- The University of Florida’s trustee board unanimously voted Tuesday to advance U.S. Sen. Ben Sasse as its pick to be the public flagship institution’s next president, rebuffing student and faculty detractors who deemed the Nebraska Republican too political and out of touch with campus values.
- Officials presented Sasse as an ambitious, next-generation leader who can build on a decade of progress at the university, where faculty just surpassed $1 billion in annual research spending. Meanwhile, many students rejected Sasse, citing his political positions on issues like same-sex marriage. Protests against his appointment continued Tuesday.
- The State University System of Florida’s governing board must now approve Sasse’s appointment as the institution’s 13th president. It's expected to consider him Nov. 10.

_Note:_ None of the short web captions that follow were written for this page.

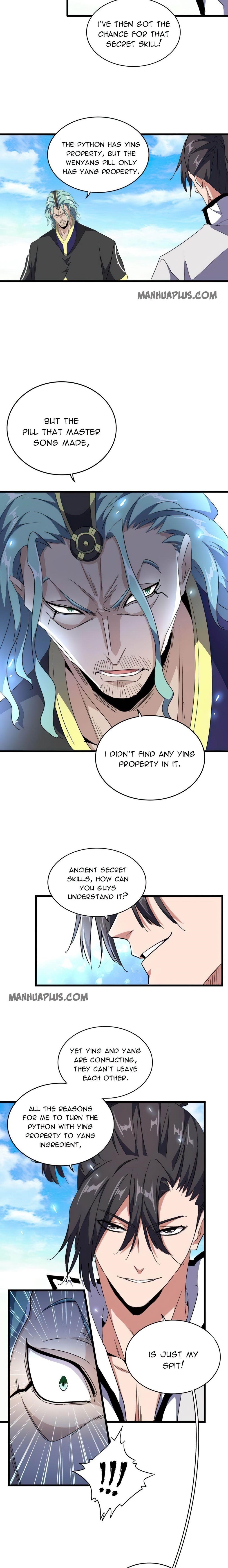 Magic Emperor Chapter 171 - Page 3 in English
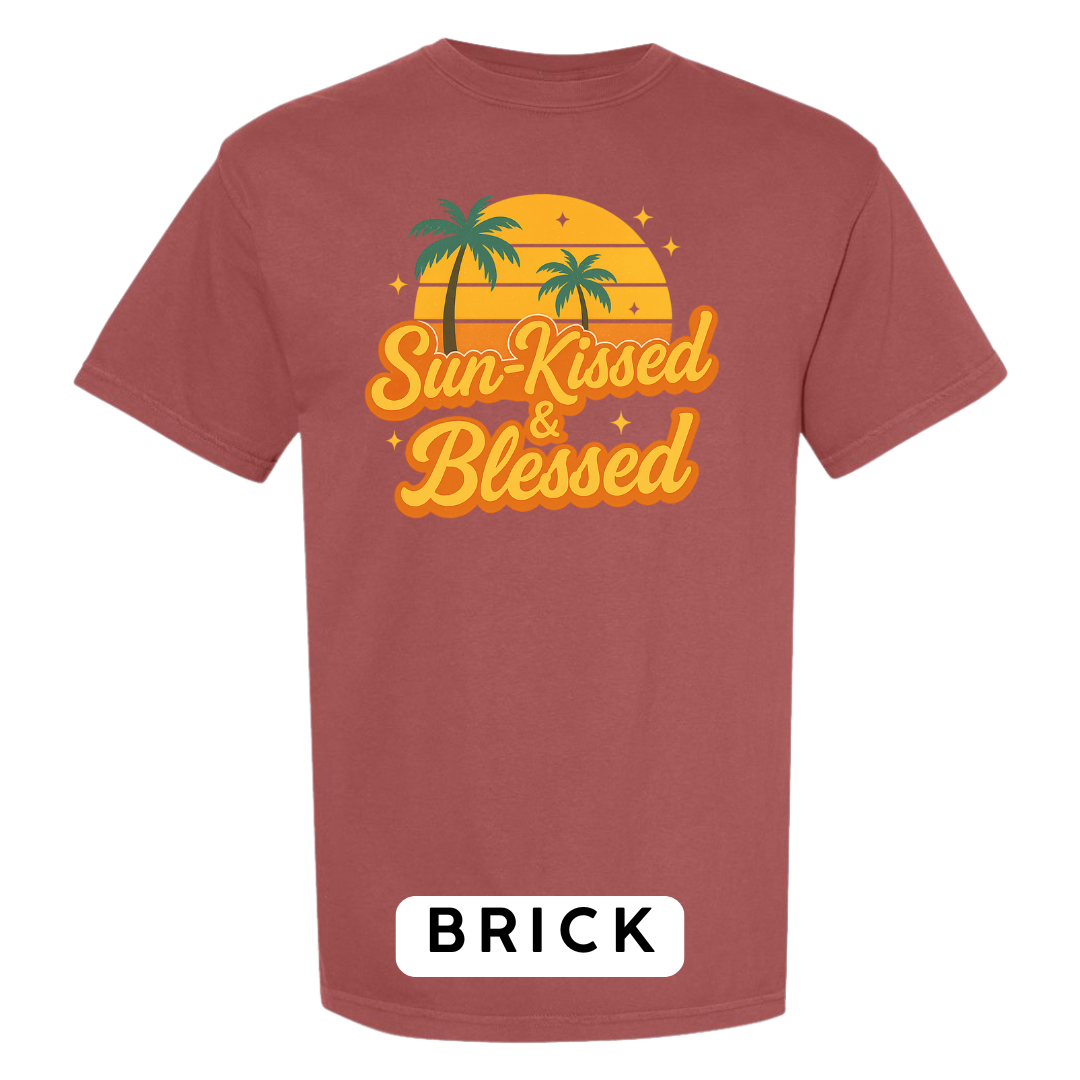 Sun-Kissed & Blessed Tee Graphic T-Shirt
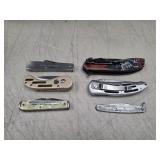 159. Lot of vtg rare pocket knives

Criticism that the University of Florida’s presidential search was opaque and politicized has only escalated since Sasse was named the sole finalist for the job early last month. How he handles the last stages of his candidacy could go a long way determining how effectively he can transcend his label as a senator and effectively lead the university.
Compounding its problems are reports that academic freedom has frayed at the institution and that officials were fearful of crossing state policymakers, particularly Republican Gov. Ron DeSantis.

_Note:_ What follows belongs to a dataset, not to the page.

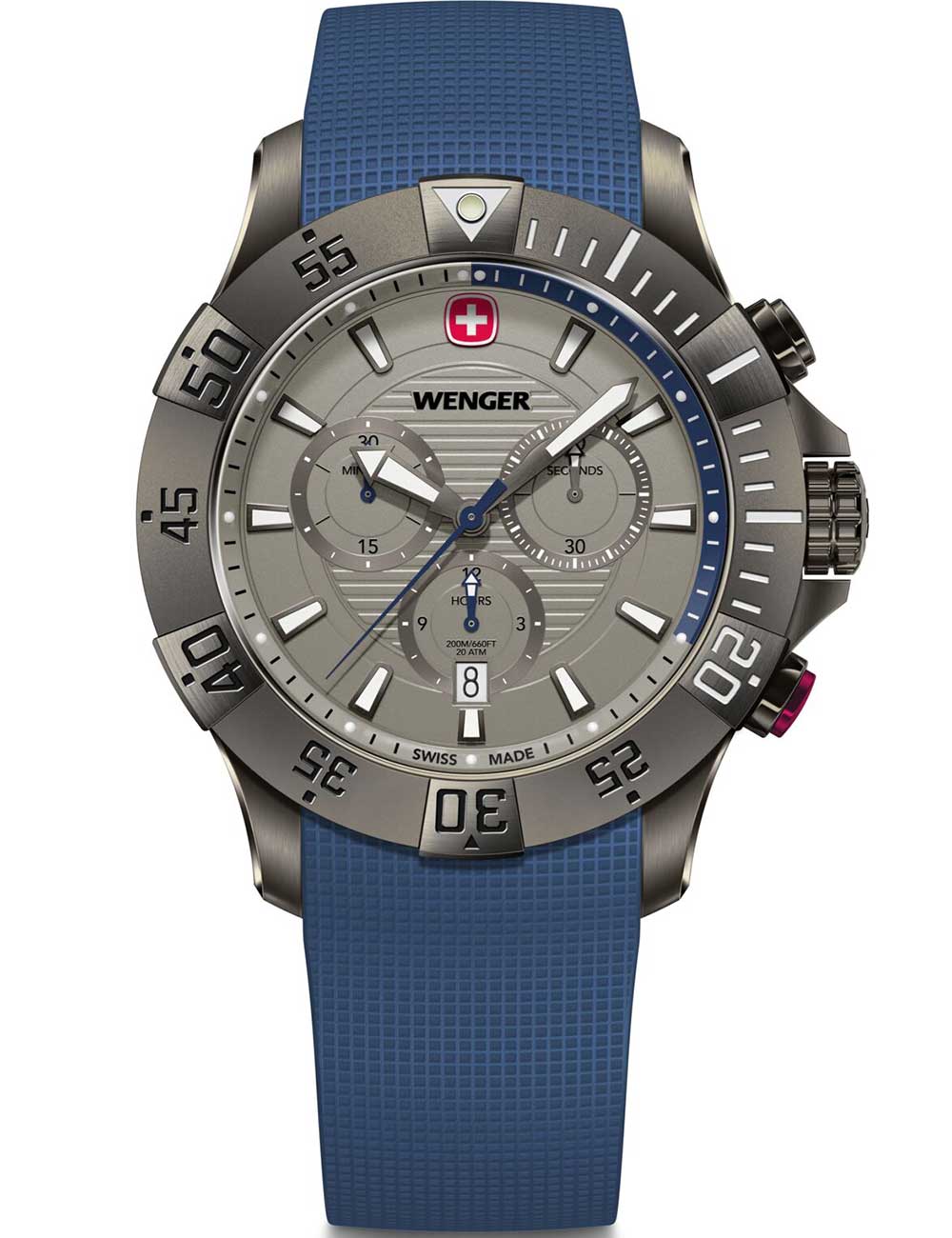 Wenger Seaforce Chronograph Herreur – FRI fragt inkluderet!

DeSantis has installed his allies and donors to positions across the public system. And concerns surfaced that one of his representatives reportedly helped guide Sasse through the presidential search process, an accusation the senator denied at Tuesday’s meeting.
Students protested Tuesday outside of the building as the trustee board interviewed Sasse. They were barred from entering after the institution began enforcing a decades-old policy of no indoor demonstrations. It started enforcing that policy after protesters last month drowned out Sasse as he spoke on campus. The institution's current president, Kent Fuchs, described their behavior as “chanting loudly" and "banging their fists on windows, walls and furniture.”
Nevertheless, about a dozen of Sasse’s critics still spoke during the public comment portion of Tuesday's meeting. Among them was Paul Wassel, president of the university's Graduate Student Council, who told the senator he faces an uphill battle winning over the campus.
Wassel said students “couldn’t imagine” following a president who made negative comments about demographic groups on campus. Much of the furor against Sasse centered on his stance against the U.S. Supreme Court ruling legalizing same-sex marriage.
“The message from the university community is quite clear,” Wassel said.
Board members were much more complimentary of Sasse, who helmed Midland University, a private nonprofit Lutheran-affiliated institution in Nebraska, before his election to the Senate in 2014.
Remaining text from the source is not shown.